Recently, Azavea’s Data Analytics team was tasked with developing a GIS tool for the Delaware Division of Parks and Recreation to analyze level of service for the state’s recreational system. The goal of the project was to better understand what populations are being served by the system currently, and what areas are under-served. To equitably serve the people of Delaware, it’s only fair to consider all modes of transportation — such as walking and public transit, and this made the analysis much more complex. Basically, we needed to set up a tool that allows the DPR’s GIS department to input the type of recreation (such as playgrounds, basketball courts, swimming pools, etc.), buffer around those locations and summarize the population within those buffers. See our June newsletter for a detailed description of our model to distribute population.

We already knew that it makes sense to use travelsheds for this analysis, rather than the standard GIS buffer around a point. For this, we leveraged the Service Area analysis of the ArcGIS Network Analyst extension. The Service Area analysis will generate a polygon around a traversable feature, such as a street centerline, with a cost attribute such as time or distance as a parameter. This way, the DPR can generate polygons based on different times and distances — say a quarter mile from parks by walking or a 15 minute drivetime. We were able to successfully use the Delaware Department of Transportation’s (DelDOT) street centerline as an input for the driveshed portion of the service area analysis. In addition, the DPR provided a walkable roads shapefile that contained a mix of a sidewalk shapefile and roads with a low speed limit for generating the walksheds.

However, developing an accurate transit network for the Service Area analysis to traverse proved to be much more challenging. As it stands right now, ArcGIS does not have a way to read General Transit Feed Specification (GTFS) into Network Analyst. That being said, there is at least one plugin moving in that direction. Co-created by Melinda Morang, Product Engineer at Esri, the GTFS_NAtools python script allows users to run schedule-aware network analyses right in ArcMap. One can select the time of day and day of week and generate service areas based on what is traversable on the transit network. After some exhaustive testing and developing a workflow around the tool, we decided that the workflow was actually a bit too complicated for what we were trying to do. DPR didn’t need a time of day specific service area, just something more generalized but still with a reasonable travel time estimate.

Therefore, our team decided we would download the GTFS data and hardwire it into a transit network dataset. The first step would be to convert the GTFS data, which comes in the form of several comma-delimited text files, into a readable shapefile for an ArcGIS Network Dataset. Luckily, there’s already a great tutorial on how to do this. It only requires downloading the free ET GeoWizards toolbox, which every GIS Analyst should have at their disposal. Once finished, we ended up with a polyline for each individual bus route. However, it’s not quite ready to be consumed by Network Analyst. Since sometimes different bus routes use the same road, we had many coincident route segments. This creates a problem for the Service Area analysis in Network Analyst. The Service Area analysis locates an origin feature and creates a polygon around that feature by traversing the network dataset. When the origin feature for the service area is located along a route with coincident bus polylines, it only picks up one of the polylines and ignores the other features. This creates chunky and illogical service area polygons.
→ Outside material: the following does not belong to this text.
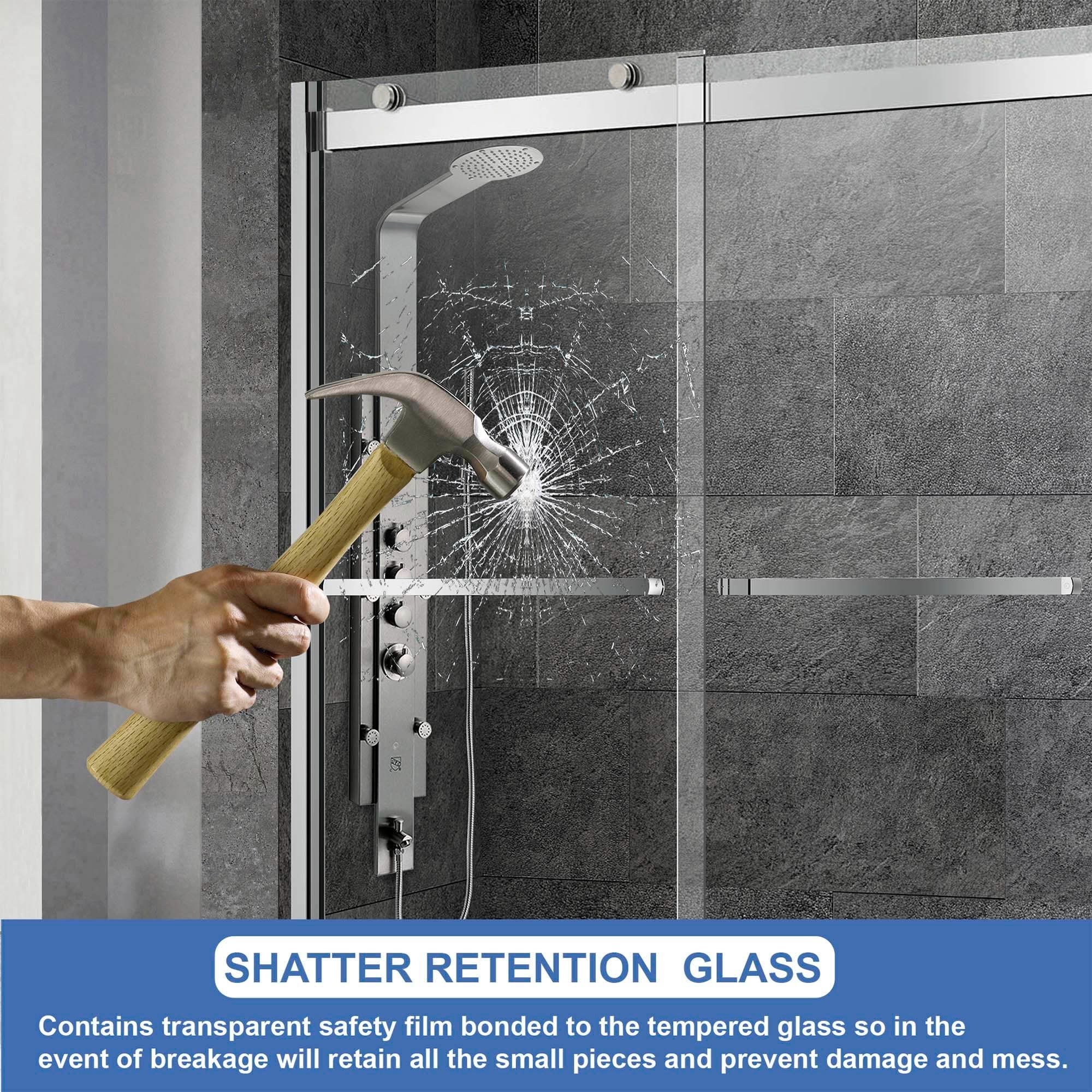 WOODBRIDGE Frameless Bathtub Shower Doors 44-48" Width x76"Height with 5/16"(8mm) Clear Tempered Glass, 2 Ways Opening & Double Sliding, ASD4876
The solution we found was to flatten all the coincident bus polylines and create one bus routes polyline file that still maintained a best cost estimate of time for the Service Area analysis. In addition, we wanted to split the line at bus stops — that way service areas would be generated only around stops where people could actually get off the bus, rather than just along the line where bus riders cannot get on or off. The main challenge was to conflate bus travel times, which is maintained in the GTFS data, onto the bus routes. Since each bus route is divided into individual trips, we’d have to generalize the travel times a couple times to get what we wanted. Note that we used ET GeoWizards along the way, since some of the ArcGIS tools require more than the Basic (ArcView) license level. Though our toolbox for DPR is proprietary, we’re happy to share the methodology behind generating the bus routes with travel times. Here’s how to do it in 10 steps:

Step 1: This part involves finding the difference between the first stop and the last stop for each trip. That way we end up with a total time for each trip. To do that, bring the stop_times.txt file (comes with the GTFS download) into Excel and run the TIMEVALUE function on each of the stop times. Note that the file comes with an arrival and departure time. For DelDOT, this time was the same, so we just went with arrival time. The TIMEVALUE function calculates a decimal number value for each time of the day, with 0 being 12:00:00 AM and 0.999988426 (okay, pretty close to 1) for 11:59:59 PM. The new field is shown here, called time_value.

Step 1
Step 1

Step 2: Next, run Summary Statistics to find the total time for each trip. Taking the Excel file back into ArcMap requires a conversion to DBF to work with Summary Statistics.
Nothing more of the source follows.